As a refreshing counterpoint, I would offer a link to a story from the L.A. Times (which you can read here) on a businessman in another creative industry suffering from static or even declining markets. Titled “Comics' Unlikely Hero” it profiles Mark Alessi, who has plowed a good deal of the fortune he made in software into a comic book startup. Mr. Alessi, a classic entrepreneur (in contrast to Mr. Olson, a classic manager) is bursting with ideas about how to bring new creativity and audiences into the fusty reaches of comicdom:

CrossGen, in a bland office park just north of Tampa, Fla., stands as a lifelong fan's response to what he thinks is wrong with the comics industry.

Alessi says there's plenty, starting with a retail network that in 50 years has shrunk from hundreds of thousands of newsstands and corner variety stores to 2,500 specialty shops, many of them "at the end of a seedy strip mall under a broken overhead light — no place any parent would want his kid going on his bicycle."

At $2.95 an issue, many of today's monthly books offer more lavish art, color and printing than their 10-cent counterparts of the 1950s. But the price and the often adult-oriented content are barriers to new young readers. And so, Alessi says, the industry increasingly tightens its circle around a core market of young adult males and collectors.

Beyond that, he notes that burnout is rife among the mainly low-paid and isolated freelance artists and writers who create the books, making for high turnover and a weak sense of professionalism.

The CrossGen founder has said all this before in numerous industry forums, winning himself a reputation as a scold out of all proportion to his longevity in the business or his company's 5% market share.

Wouldn't You Rather Be In Comics Than in Book Publishing, Anyway?

Who knows whether Mr. Alessi can shake up the world of comics successfully but he certainly is an example of why entrepreneurs with a unique business vision make for more inspiring reading than do the Peter Olsons of the corporate media world. I mean, you gotta like this guy's style:

"I am the worst loser you will ever meet," Alessi said during an interview this week in his cramped office at CrossGen. "You may beat me, and if you do, I hope I will be gracious. But we will play again."

Cheers,

Friedrich

posted by Friedrich at July 20, 2003




Comments

It is sort of inspiring, thanks for pointing it out.

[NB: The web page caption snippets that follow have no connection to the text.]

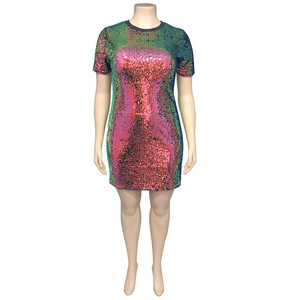 Abiti <span class=keywords><strong>Sexy</strong></span> <span class=keywords><strong>Taglie</strong></span> <span class=keywords><strong>Forti</strong></span> alla Moda, <span class=keywords><strong>Vestiti</strong></span> con Paillettes per Discoteca e Cerimonie - Product Image 2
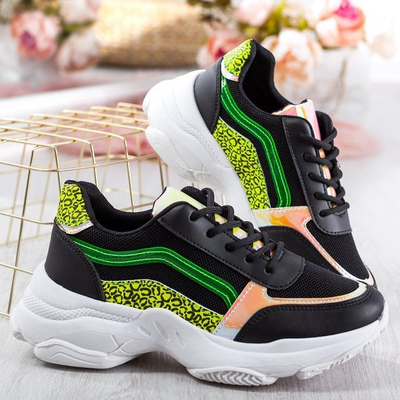 Black women's sport shoes with thick sole Fancy Bass - Footwear 1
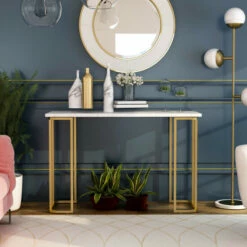 Hot Sale π Furniture Of America Deeanne Contemporary 47-inch Faux Marble Sofa Table Black β€οΈ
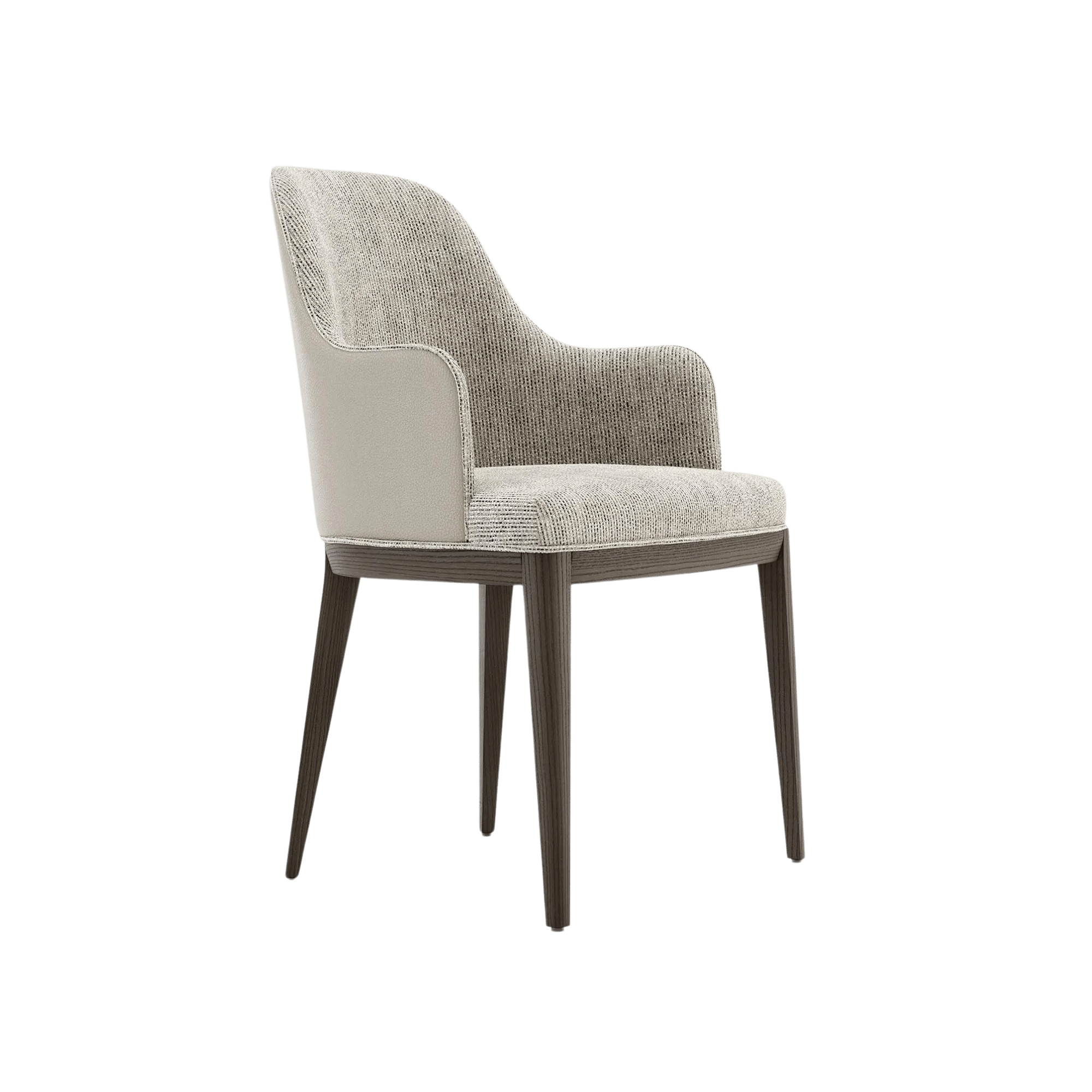 Upholstered Dining Chair with Armrests and Wooden Base – Anna Chair - That Cool Living - Domkapa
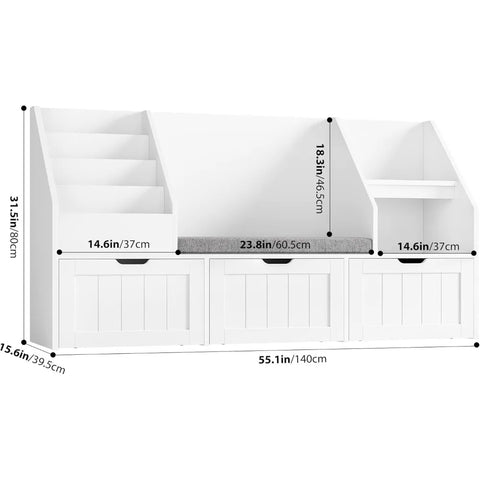 55.1’’ Kids Bookshelf with Reading Nook, Toy Storage Organizer with Seat Cushion and 3 Movable Drawers, Kids Reading Nook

I hope the guy has some luck and shakes the biz up a bit. I'll note that Alessi is in a long publishing tradition -- the person's who's already got big money (made it, inherited it), and now wants to have some fun in an artier field. A lot of them bail after not too long, once they discover that actual work (and often losses) are involved, and that the glamour isn't what they hoped it'd be. Alessi sounds a lot more determined. I hope he sticks it out for a while.